Stored records

------------------------------------------------------------

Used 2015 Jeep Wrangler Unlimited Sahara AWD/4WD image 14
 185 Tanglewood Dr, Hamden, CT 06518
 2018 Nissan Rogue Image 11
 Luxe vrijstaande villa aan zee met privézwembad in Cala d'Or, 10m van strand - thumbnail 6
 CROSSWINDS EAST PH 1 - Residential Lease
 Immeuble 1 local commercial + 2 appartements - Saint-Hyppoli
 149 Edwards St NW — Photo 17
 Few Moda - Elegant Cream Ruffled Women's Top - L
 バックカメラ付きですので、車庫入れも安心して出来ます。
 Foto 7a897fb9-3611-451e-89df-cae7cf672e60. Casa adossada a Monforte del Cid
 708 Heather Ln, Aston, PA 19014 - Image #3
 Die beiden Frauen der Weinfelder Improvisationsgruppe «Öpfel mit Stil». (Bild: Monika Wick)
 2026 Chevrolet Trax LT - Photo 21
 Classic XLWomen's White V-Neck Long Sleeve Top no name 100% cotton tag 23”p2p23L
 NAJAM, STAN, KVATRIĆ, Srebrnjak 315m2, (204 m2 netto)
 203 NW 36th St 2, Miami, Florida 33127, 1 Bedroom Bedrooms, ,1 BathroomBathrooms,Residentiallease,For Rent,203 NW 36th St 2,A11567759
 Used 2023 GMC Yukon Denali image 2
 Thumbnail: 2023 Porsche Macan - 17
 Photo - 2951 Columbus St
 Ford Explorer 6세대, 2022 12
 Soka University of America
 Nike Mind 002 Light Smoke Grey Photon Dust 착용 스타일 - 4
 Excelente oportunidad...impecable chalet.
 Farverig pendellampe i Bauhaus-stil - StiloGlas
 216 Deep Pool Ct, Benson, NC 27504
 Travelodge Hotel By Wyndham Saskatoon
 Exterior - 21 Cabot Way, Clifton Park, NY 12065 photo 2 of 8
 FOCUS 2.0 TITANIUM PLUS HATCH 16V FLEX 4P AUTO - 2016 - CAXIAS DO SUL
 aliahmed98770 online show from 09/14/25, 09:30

------------------------------------------------------------

PROBLEM DETAILS: Only the line containing "Farverig pendellampe i" and the lines after it, up to and including the last line of the data, should appear in the answer, exactly as written.

TASK ANSWER:
 Farverig pendellampe i Bauhaus-stil - StiloGlas
 216 Deep Pool Ct, Benson, NC 27504
 Travelodge Hotel By Wyndham Saskatoon
 Exterior - 21 Cabot Way, Clifton Park, NY 12065 photo 2 of 8
 FOCUS 2.0 TITANIUM PLUS HATCH 16V FLEX 4P AUTO - 2016 - CAXIAS DO SUL
 aliahmed98770 online show from 09/14/25, 09:30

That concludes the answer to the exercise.